Eda Sezgin tarafından programlanan serginin çıkış noktası iki usta tasarımcı Sadık Karamustafa ve Bülent Erkmen’in arşivlerini Salt’a bağışlamaları olmuş. Salt Beyoğlu’nun üç katına yayılan sergide Yurdaer Altıntaş, Serdar Benli, Savaş Çekiç, Gülizar Çepoğlu, Yeşim Demir Pröhl, Mustafa Eren, Aydın Erkmen, Bülent Erkmen, Ulaş Eryavuz, Cem Günübek, Joelle İmamoğlu, Sadık Karamustafa, Esen Karol, Sait Maden, Hakkı Mısırlıoğlu, Cemalettin Mutver, Nazlı Ongan, Nilgün Öneş, Ersu Pekin, Tibet Sanlıman, Alper Tunga Şen, İlhami Turan, Mehmet Ulusel, Timuçin Unan ve Erkal Yavi’nin tasarımları sergileniyor.
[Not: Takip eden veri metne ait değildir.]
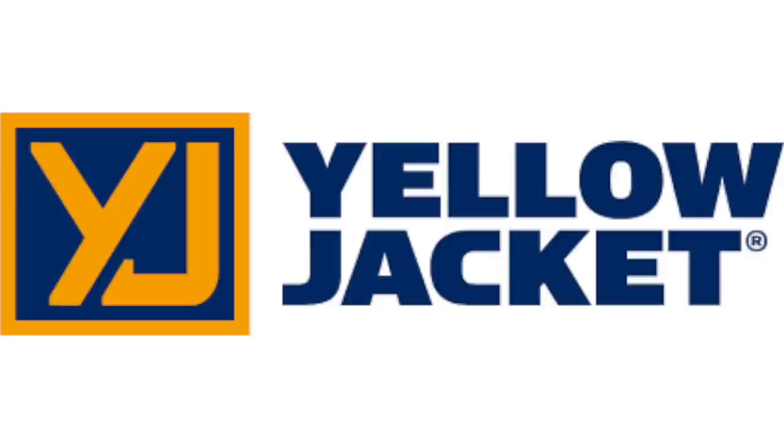The following video is brought to you by Yellowjacket. Visit yellowjacket.com to find out why Yellowjacket is the industry standard in refrigerant hoses, tools, manifolds, vacuum pumps, and many other tools.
Hepsi usta tasarımcılar ve birbirinden harika işler çıkarmışlar. Kitap tasarımında Türk üslubundan söz edebilir miyiz, diye düşünmeden edemiyorum.
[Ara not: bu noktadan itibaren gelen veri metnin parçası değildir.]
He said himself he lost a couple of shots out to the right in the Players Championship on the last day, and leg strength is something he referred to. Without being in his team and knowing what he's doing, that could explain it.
Sait Maden ve Erkal Yavi’nin tasarımlarını bu değişimin başlangıç noktaları olarak alabiliriz. Bülent Erkmen ve Sadık Karamustafa da özgün bakış açılarıyla kitap tasımlarının gelişimine yön vermiş büyük ustalar. Ada Yayınları’nın kapak ve kitap tasarımları öncü, deneye açık nitelikleriyle hep dikkati çekmiştir. Sergi sayesinde Aydın Erkmen’in ne kadar büyük bir emeği olduğunu bir kez daha anımsadık. Şiirseverlikleriyle her zaman yardımımıza koşan, şairlerle ortak işler yapmayı seven Nazlı Ongan ve Savaş Çekiç’in ne kadar çok ve seçkin tasarıma imza attığını da sergide görmek mümkün. Hakkı Mısırlıoğlu’nun sadece Beyaz dergisi kapakları sergileniyor ama onun da şiirsever tasarımcı olarak çok emeği vardır.
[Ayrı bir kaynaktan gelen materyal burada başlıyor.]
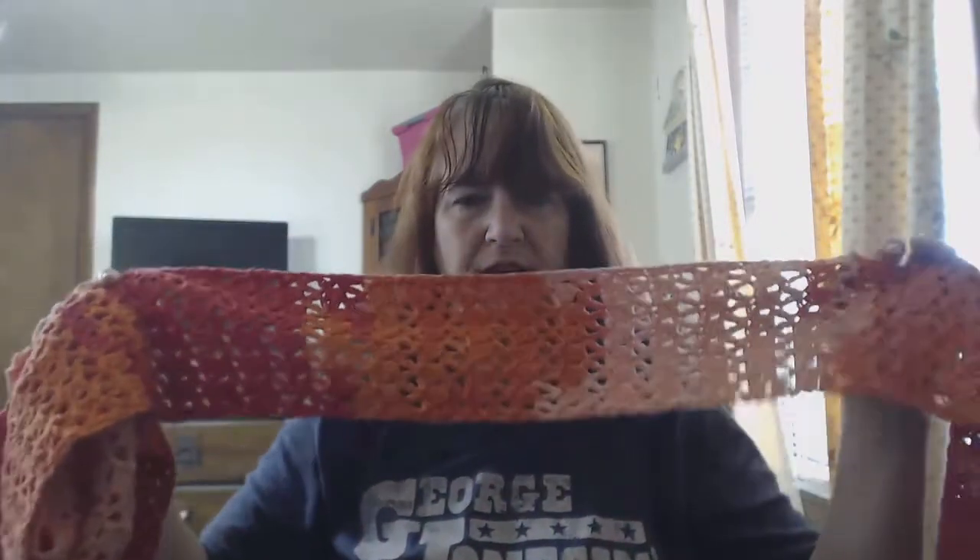We'll start with Off the Hook first. I went ahead and made this. If you remember, this was the little bonus that came with the kit because they had to delay the June kit. It's nice, but I've got a bit left over — I might make washcloths since it's cotton. It's cute but it doesn't go with the red poncho I wanted it to go with. The red in this is super muted and the other one is a bright red, so I may give this away anyway.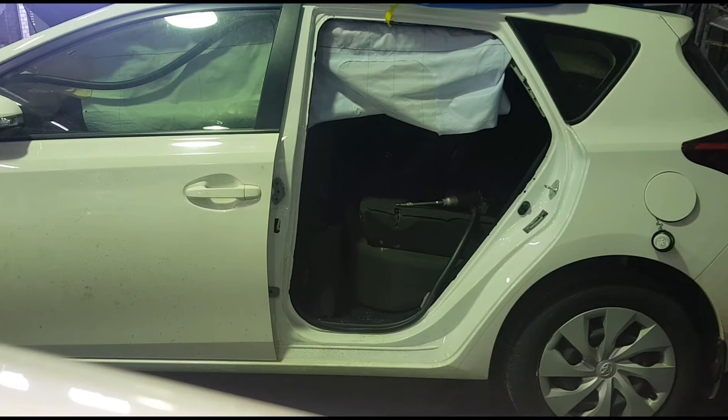Just reverse the procedure to reinstall the door. So that's all — we got a 10 millimeter socket, removed the hinges, removed the harness, and that's all done. I'm gonna put the new one in and that's it. Thanks for watching guys, and do subscribe to my channel for more videos like this!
Serginin esas ağırlığını 80’lerden – 2000’e yirmi yıllık zaman dilimi oluşturuyor ama öncesine de biraz bakılsa, Agop Arat gibi öncülerin tiponun bin bir zorluğunu aşıp Yeditepe, Dost – Seçilmiş hikayeler gibi yayınevlerine yaptıkları kapaklardan birkaç örnek konulsa bu değişim daha net anlaşılabilirdi sanıyorum. Tabii Münip Fehim’den başlayan Derman Över gibi adlarla süren “kitap ressam”ları da var anımsanması gereken. Ama belki onlar başka bir serginin konusu olacak çünkü kitap kapaklarını zenginleştiren illüstrasyonlar ve onların yaşadığı değişim başlı başına bir hikaye. Serginin esas ağırlığını İstanbul yayıncıları oluşturuyor ama Bilgi Yayınevi’ne Fahri Karagözoğlu’nun yaptığı kapaklar da sergilense iyi olurdu. 2000’ler ve sonrası deyince ise aklıma hemen Utku Lomlu, Emine Bora, Mithat Çınar gibi isimler geliyor ama Salt Beyoğlu ne kadar geniş bir sergi alanı olsa da bir sınır konması da normal. Kitapseverler, yazarlar, şairler, yayıncılar bu sergiyi kaçırmayın. Salt Beyoğlu’nda kendi tarihinizi bulacaksınız.
Tasarımcının Notu sergisi 11 Eylül 2024–2 Şubat 2025 tarihlerinde Salt Beyoğlu’nda.